Pesantissimo pareggio per il Napoli, che a Parma non riesce ad andare oltre l'1-1. La squadra di Conte è andata sotto nel punteggio dopo appena 35 secondi di gioco per il gol di Strefezza, ma nel secondo tempo ha evitato la sconfitta grazie a McTominay. Un pari che però lascia l'amaro in bocca e regala all'Inter di Chivu un match point importantissimo in ottica Scudetto. L'allenatore azzurro ai microfoni di Dazn ha detto: "Non c'è niente da commentare. Di sicuro questo tipo di situazioni le proviamo e riproviamo, poi ci sta la partita e il momento, magari si è un po' più emotivi e non si fa la scelta giusta".

"Ci sono differenze leggerissime tra chi vince e chi perde"
"Dispiace perché sapevamo che avremmo trovato una squadra con un blocco bassissimo - ha continnuato -, avevano messo pure Delprato a fare il quinto che di solito fa il braccetto. Gliel'ho detto ai ragazzi a fine partita: ci sono cose leggerissime tra chi vince e chi non vince. Dovevamo essere più attenti e invece dopo 30 secondi abbiamo preso quel gol. Tutto sommato ho poco da rimproverare alla squadra, la partita è stata in salita per 97 minuti e non è semplice non prendere ripartenze. Abbiamo fatto gol e abbiamo avuto occasioni per vincere la partita. Però è un punto che muove la classifica, sappiamo che dobbiamo raggiungere la quota Champions. I ragazzi ce l'hanno messa tutta, ma ripeto, c'è un filo leggero leggero tra vincere e non vincere. Non dovevamo permettere al Parma di andare in vantaggio, sapevamo di dover scalare una montagna. Fino alla fine le abbiamo provate tutte".

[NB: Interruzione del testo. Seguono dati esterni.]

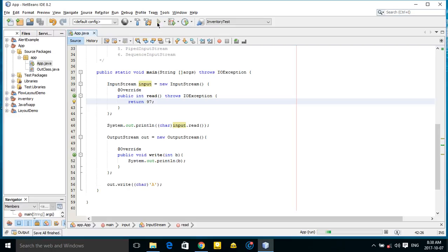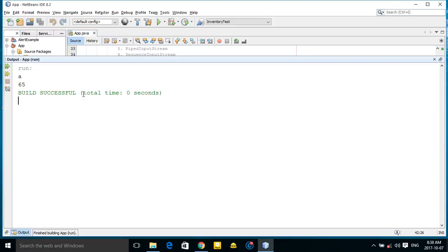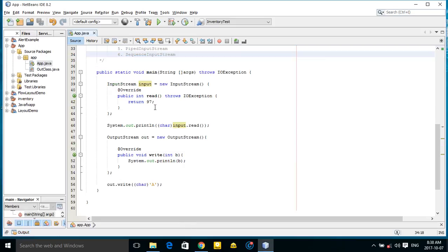Yes, as you can see here we have 'a'. So this was the using of input stream. Thank you for watching and see you in the next video.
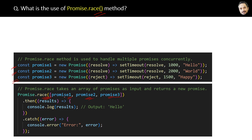The difference is: if even one promise is resolved or rejected, then immediately either the then or catch function of Promise.race will be called. So basically, the race function does not wait for the other promises to be resolved or rejected.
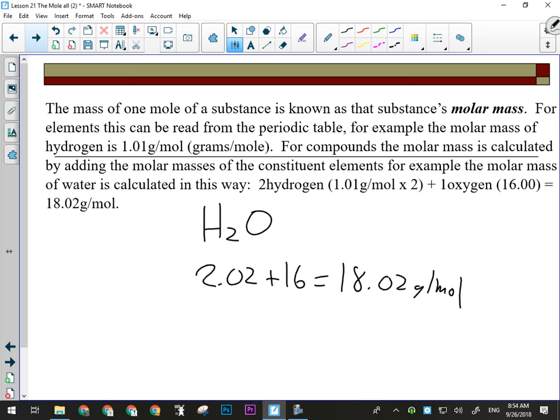To give you some perspective on just how small atoms are: the amount of water in the cap of a bottle would contain 6.02 times 10 to the 23 molecules of water. That is an unfathomably large number — and so atoms are unfathomably small.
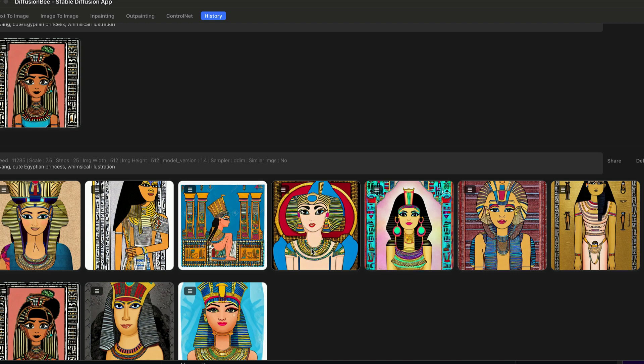In this video, I'm going to be talking about seed numbers in Diffusion B and how you can utilize those to really create some fun and unique images.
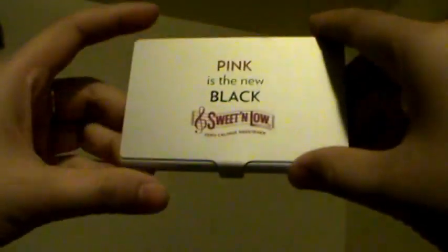It also came with a card holder. Pink is the new black. And inside, it has three recipe cards and two Sweet and Low packets in there. And it came with a whole bunch of Sweet and Low samples.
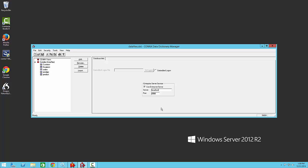Once you have set this up and saved the CDD, any connection using the CDD will go through the Enterprise Server Service on the machine specified and make a 32-bit connection to the data.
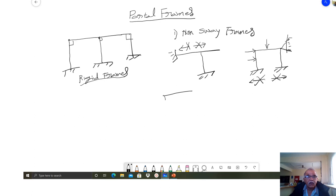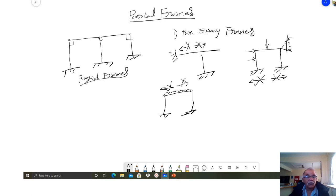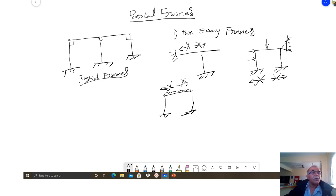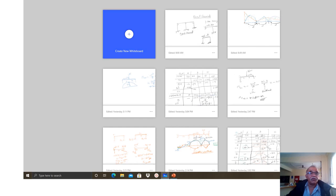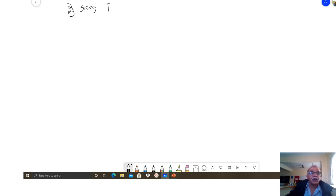Non-sway frames may also be a simple portal frame subjected to symmetrical loading, where there is no lateral displacement to the left or right side. These are also called non-sway frames. The second type are sway frames, where there is lateral displacement of the portal frames.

Addio al sogno Scudetto? "Ci siamo avvicinati di un punto e loro devono giocare"
Un pareggio pesante questo, che rischia di rendere impossibile il sogno di competere con l'Inter per lo Scudetto in queste ultime giornate di Serie A: "Il sogno non viene spento. A noi mancano 6 partite e l'Inter deve ancora giocare. Guardando ai numeri dell'Inter fino ad ora, era un sogno ardito da fare. Noi continuiamo, venivamo da 5 vittorie a abbiamo pareggiato qui che è sempre un campo ostico. Ci siamo avvicinati, ma di un solo punto. L'Inter deve giocare contro il Como, noi dobbiamo dare il massimo fino alla fine. L'approccio è stato un cazzotto che poteva metterci ko, per il resto ho poco da rimproverare. Sappiamo cos'è stato questo campionato e siamo orgogliosi".